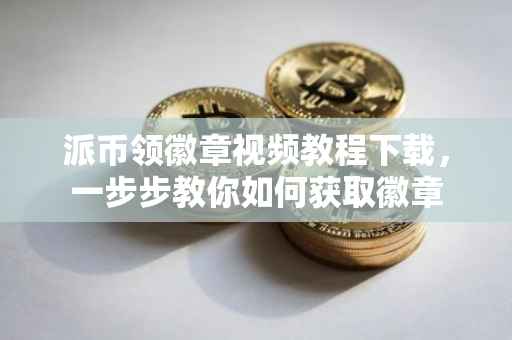 派币领徽章视频教程下载，一步步教你如何获取徽章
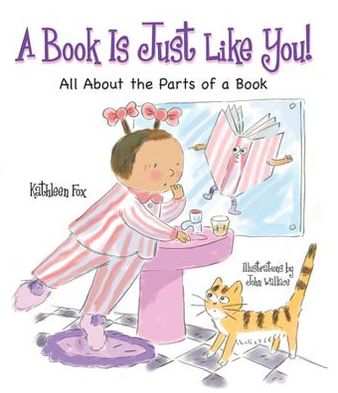 A Book Is Just Like You!: All about the Parts of a Book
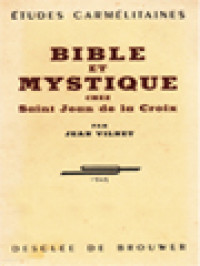 Bible Et Mystique Chez Saint Jean De La Croix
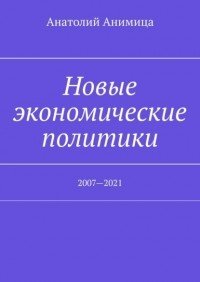 Анатолий Анимица - Новые экономические политики. 2007—2021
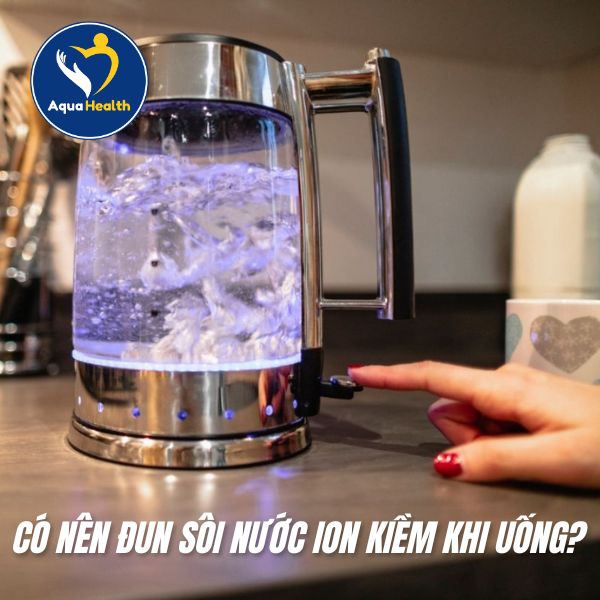 Có Nên Đun Sôi Nước Ion Kiềm Để Uống Không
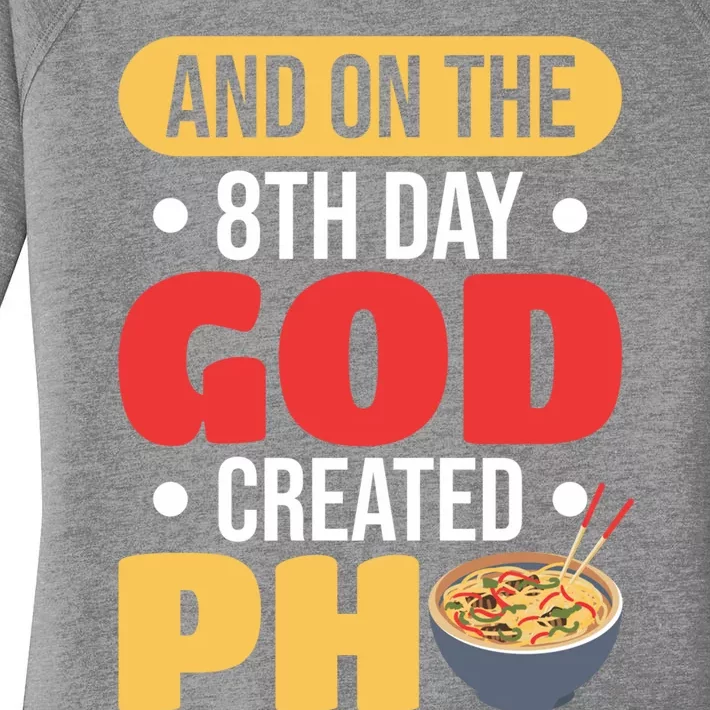 And On The 8th Day God Created Pho Noodles Gift Women's Perfect Tri Tunic Long Sleeve Shirt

■ Work task:
Write out all of the data above exactly, pictures excluded.

■ Response to this task:
 派币领徽章视频教程下载，一步步教你如何获取徽章
 A Book Is Just Like You!: All about the Parts of a Book
 Bible Et Mystique Chez Saint Jean De La Croix
 Анатолий Анимица - Новые экономические политики. 2007—2021
 Có Nên Đun Sôi Nước Ion Kiềm Để Uống Không
 And On The 8th Day God Created Pho Noodles Gift Women's Perfect Tri Tunic Long Sleeve Shirt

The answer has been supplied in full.